I rarely prepare a meal without a phone call (or two, or more) to my mom to make sure I have the proper ingredients, or the right kind of pan, or to see if I set the oven to the proper temperature.

My mom’s a really talented cook. She has a number of amazing dishes, including her chicken parmigiana. Christmas Eve isn’t Christmas Eve without her homemade pizza. I used to think she could open a shop just to sell that pizza. I’m most impressed by the fact that cooking for my mom is more about feel than it is about following a recipe. She has a number of well-worn cookbooks, but whenever she’s helping me over the phone she’s telling me about what she has learned from her experiences rather than a list of directions.

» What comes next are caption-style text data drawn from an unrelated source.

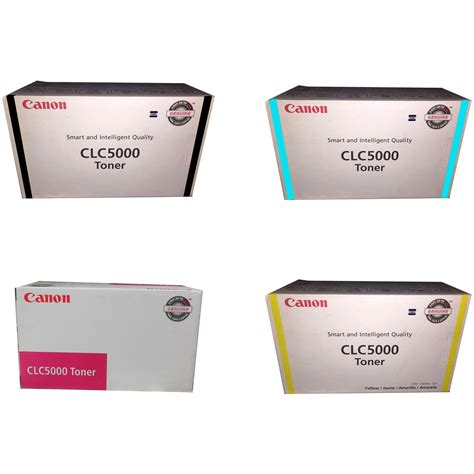 Original Canon Clc Cmyk Multipack Toner Cartridges A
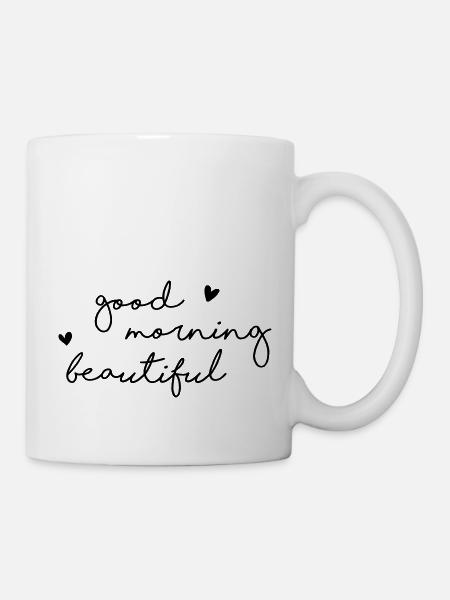 Good morning beautiful - Mug - white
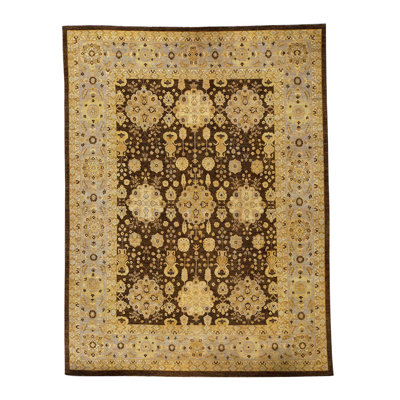 One-of-a-Kind Hand-Knotted 11'8"" x 15'5"" Wool Area Rug in Brown -  Bokara Rug Co., Inc., 502817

The same is true for the kind of parent my mom is to me and my two siblings. As I raise three of my own children, I find that sometimes you have to veer away from the printed advice and rely on what you know. And what I know comes from my mom.

It’s hard for me, on days when I want some time to myself and I’m feeling a little selfish around my kids, to think back to how selfless my mom was with the three of us when we were growing up. I’m sure there were bad days for her. There had to be days when she wanted some time for herself. But, if they existed at all, those days were few and far between. She was always “on,” chauffeuring us from activity to activity or doing countless loads of laundry or giving us exactly what we needed. (Even when we were surly teens unwilling to express exactly what we needed, and she was forced to add “mind reader” to her considerable list of talents.)

I have the typical parent-child interactions with my kids now, and I sometimes think, “I probably deserve this based on the kind of kid I was.” But more often, after I’ve gone through something with one of my children, I think, “I should have handled that better. Like Mom would have.” I often find myself reflecting upon just how good a mom she was and is—and how “grandma” is a role she was born to play. She sets a high standard…and not just when it comes to cooking.

I think if you left me in a room with some eggs, bread crumbs, cheese, sauce and chicken, I’d figure out how to make some chicken parmigiana.

But I sure am glad I’ve had my mom to help guide me towards a product that’s even a fraction as good as hers.